**WORK TO COMPLETE**
For the entries that follow, retype exactly the lines from the one containing "фото рецепта Салат" to the one containing "Stolzer Opa eines", inclusive, and only those. Images stay out of the copy.

**AVAILABLE RECORDS**

--------------------

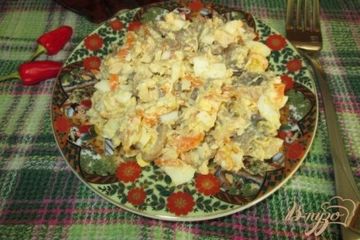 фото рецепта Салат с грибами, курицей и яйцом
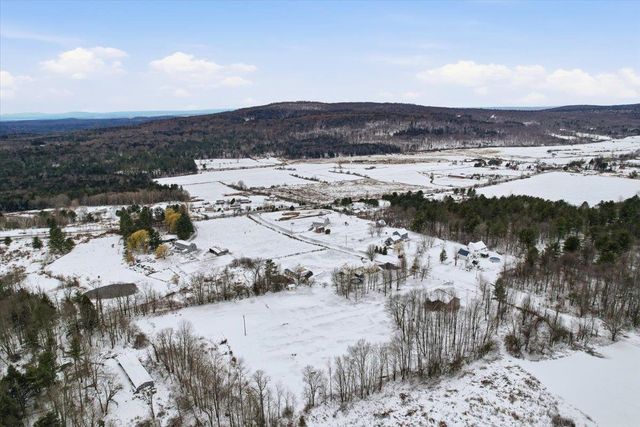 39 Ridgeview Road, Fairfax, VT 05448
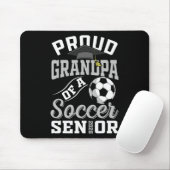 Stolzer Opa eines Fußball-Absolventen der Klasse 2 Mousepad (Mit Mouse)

--------------------

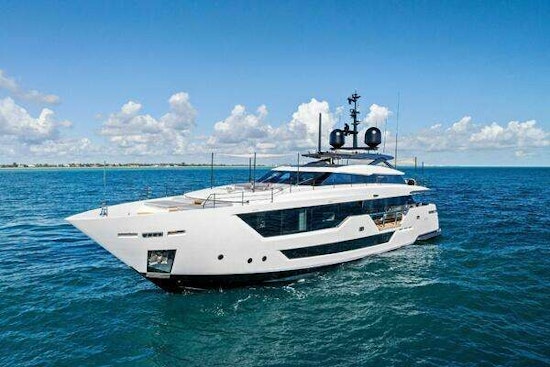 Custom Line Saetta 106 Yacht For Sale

--------------------

**ANSWER FOR THE TASK**
 фото рецепта Салат с грибами, курицей и яйцом
 39 Ridgeview Road, Fairfax, VT 05448
 Stolzer Opa eines Fußball-Absolventen der Klasse 2 Mousepad (Mit Mouse)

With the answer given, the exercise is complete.